Task requirements:
Please make an exact copy of the lines from the one holding "Sharps disposal box, polypropylene, with" through the end of the data, both ends included, with no pictures.

Information shown:
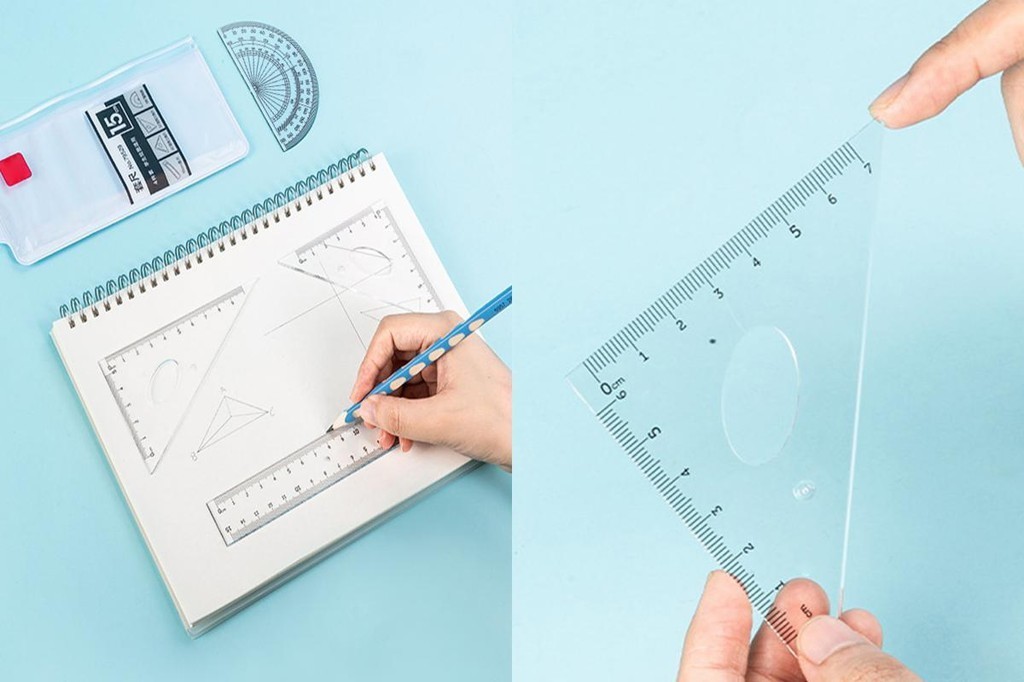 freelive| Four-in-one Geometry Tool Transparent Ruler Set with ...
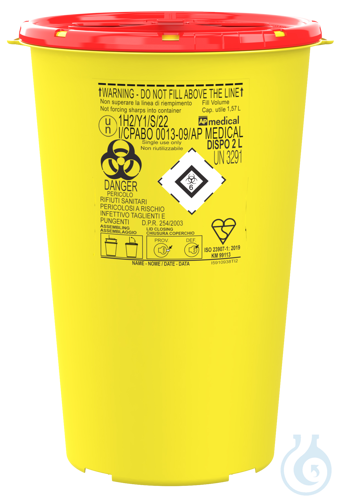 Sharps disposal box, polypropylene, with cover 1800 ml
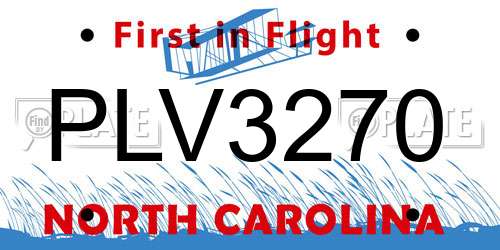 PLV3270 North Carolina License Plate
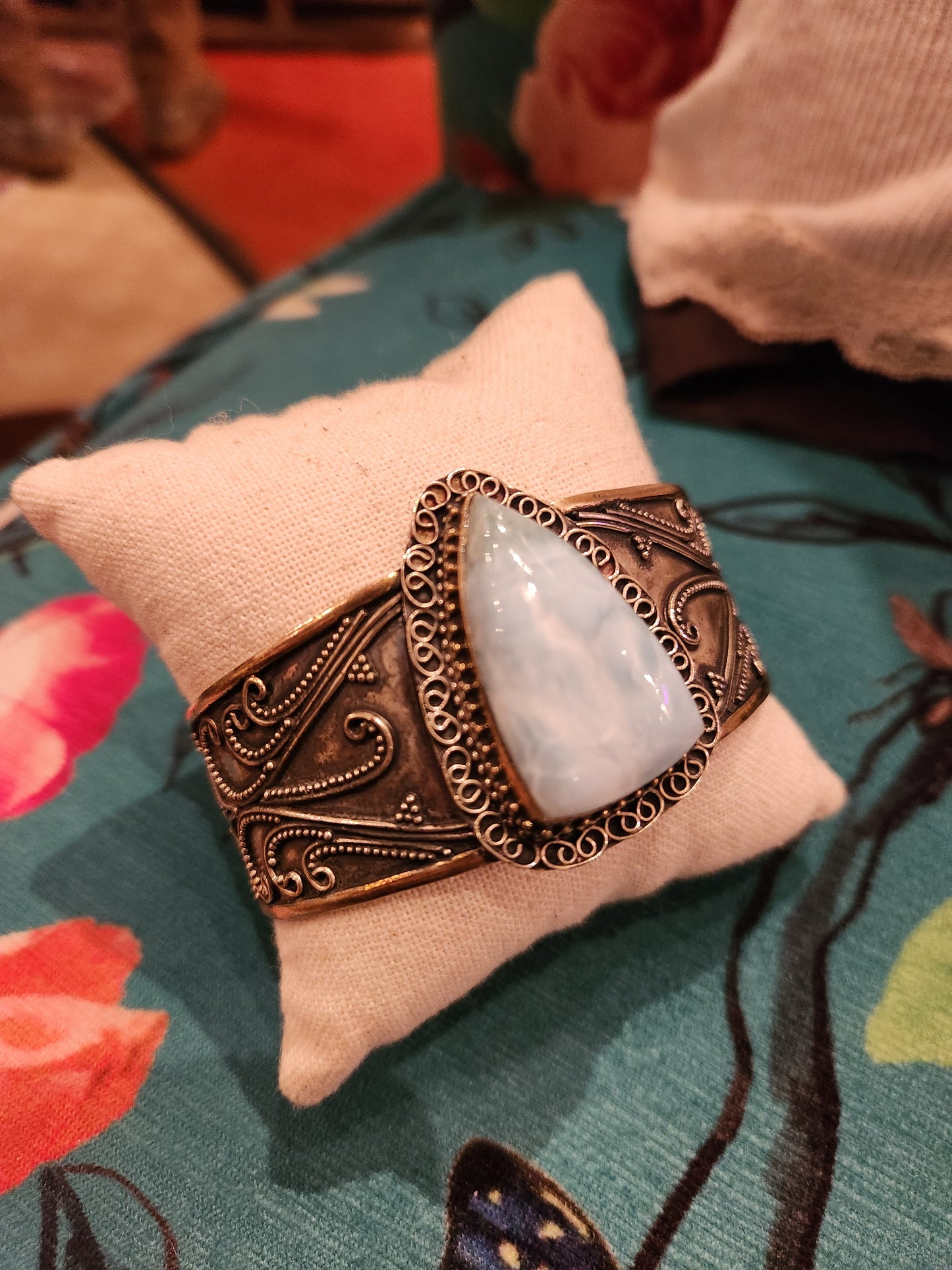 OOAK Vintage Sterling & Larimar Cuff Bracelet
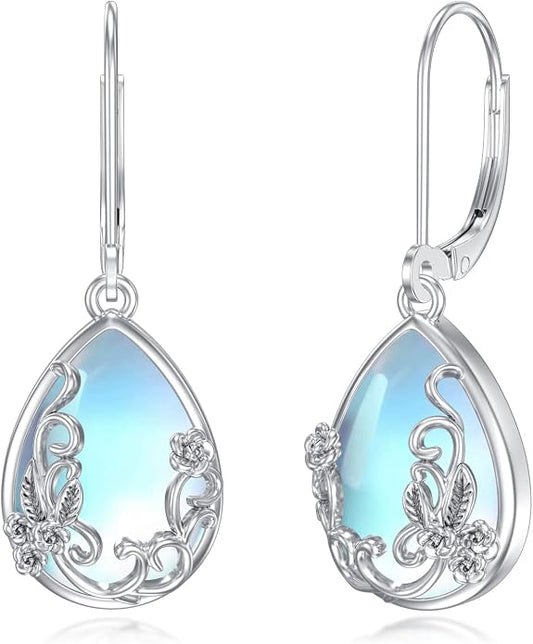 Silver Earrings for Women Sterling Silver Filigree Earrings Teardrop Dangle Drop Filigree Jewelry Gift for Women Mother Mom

Task output:
 Sharps disposal box, polypropylene, with cover 1800 ml
 PLV3270 North Carolina License Plate
 OOAK Vintage Sterling & Larimar Cuff Bracelet
 Silver Earrings for Women Sterling Silver Filigree Earrings Teardrop Dangle Drop Filigree Jewelry Gift for Women Mother Mom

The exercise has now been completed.